[WORK ITEM] Whenever a picture appears in the data, skip it and write out all other material exactly.

[DATA BELOW]
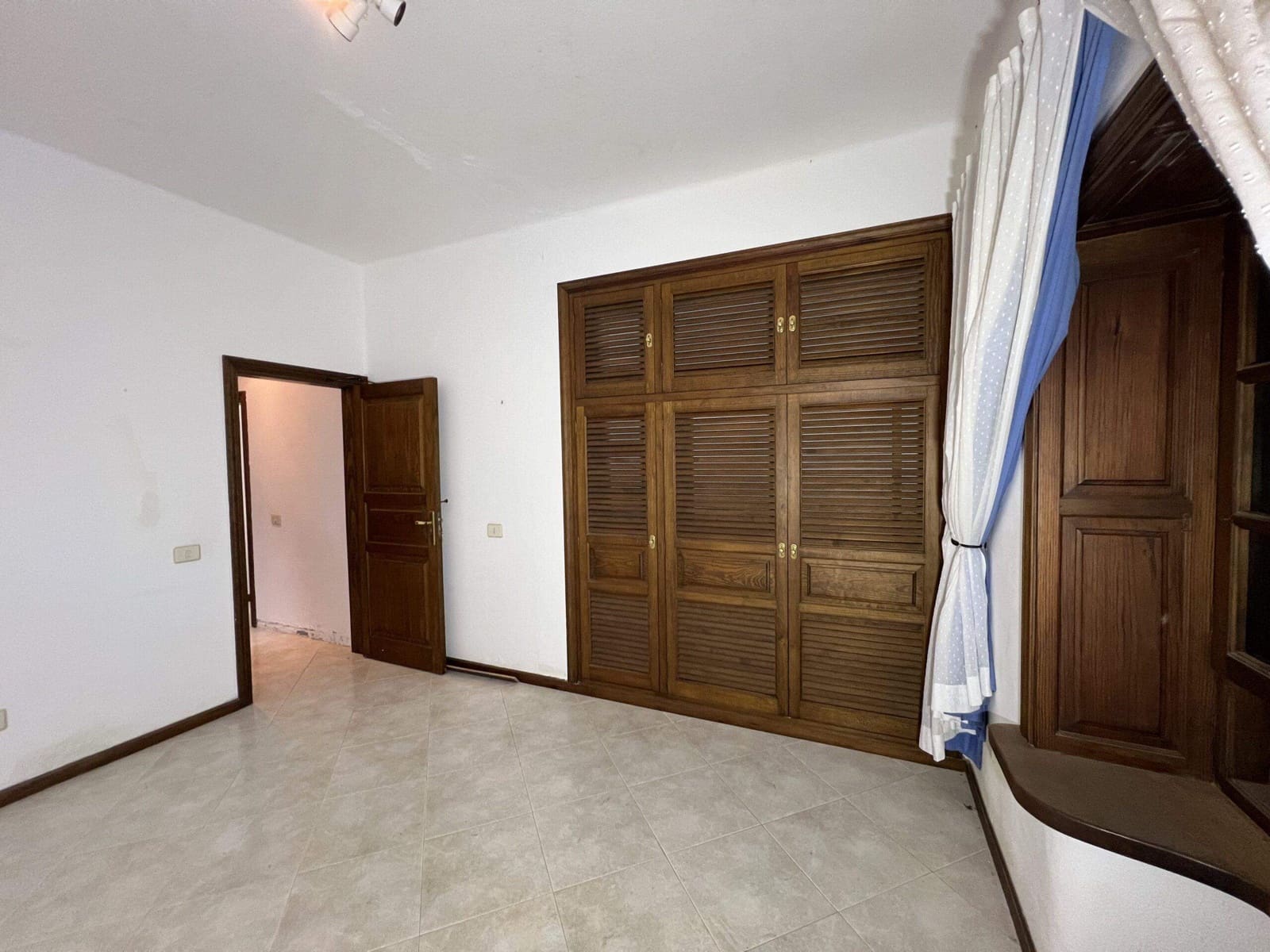 5 soveværelse Villa til salg i Las Brenas med swimmingpool garage - € 950.000 (Ref: 9354236)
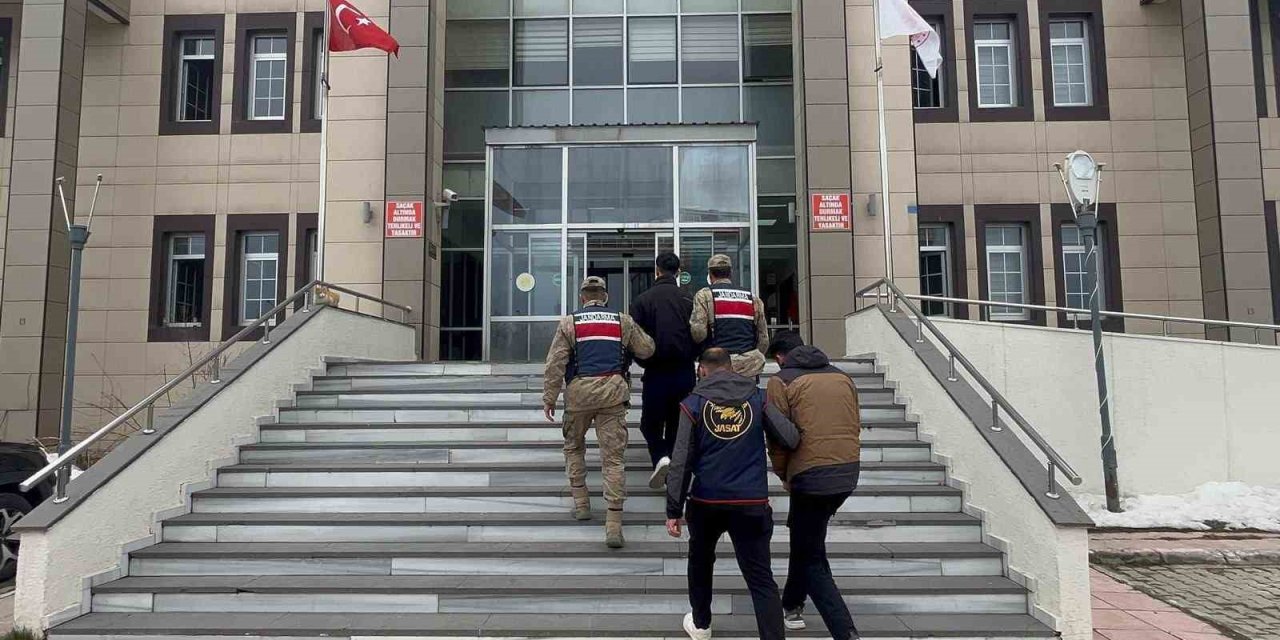 Bitlis’te göçmen kaçakçılığı operasyonu yapıldı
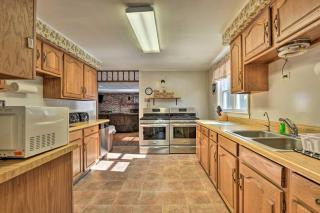 Serene Saxton Lodge 7 Mi to Lake Raystown! - Barnettstown - 3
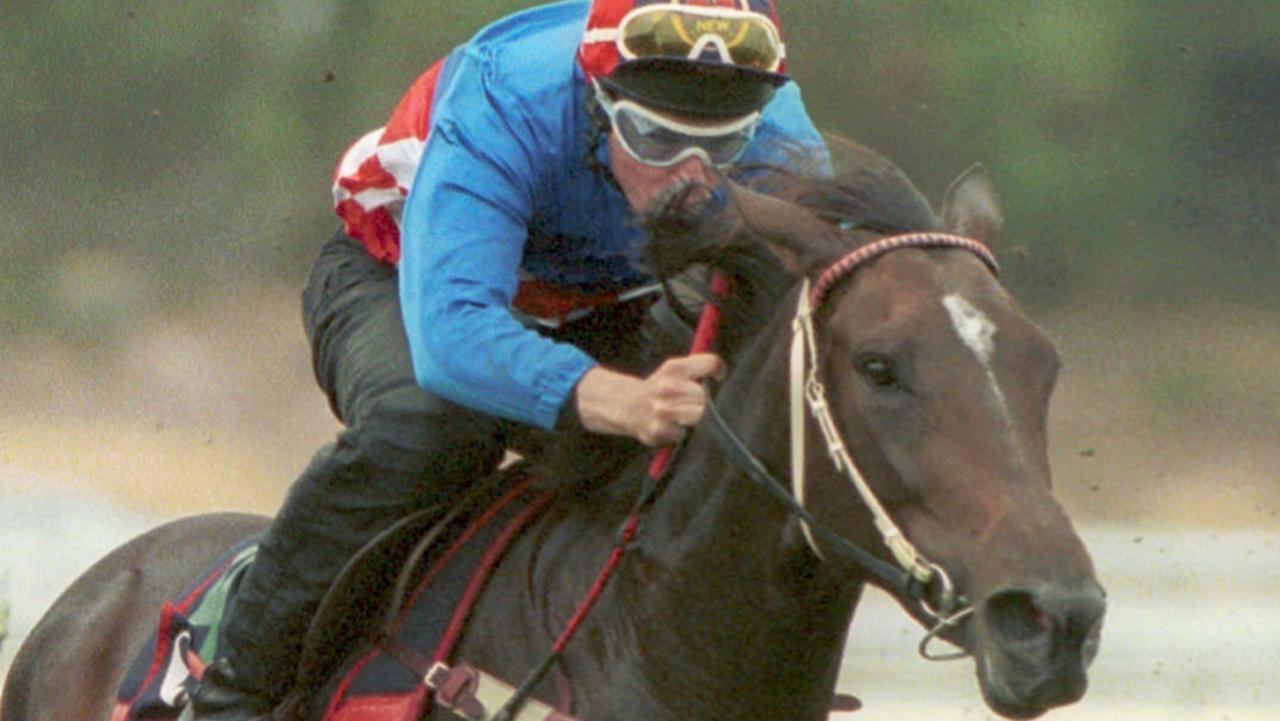 Former star apprentice Vincent Hall chasing maiden Flemington winner with recent recruit Dubai Watch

[RESPONSE FOR THIS EXERCISE]
 5 soveværelse Villa til salg i Las Brenas med swimmingpool garage - € 950.000 (Ref: 9354236)
 Bitlis’te göçmen kaçakçılığı operasyonu yapıldı
 Serene Saxton Lodge 7 Mi to Lake Raystown! - Barnettstown - 3
 Former star apprentice Vincent Hall chasing maiden Flemington winner with recent recruit Dubai Watch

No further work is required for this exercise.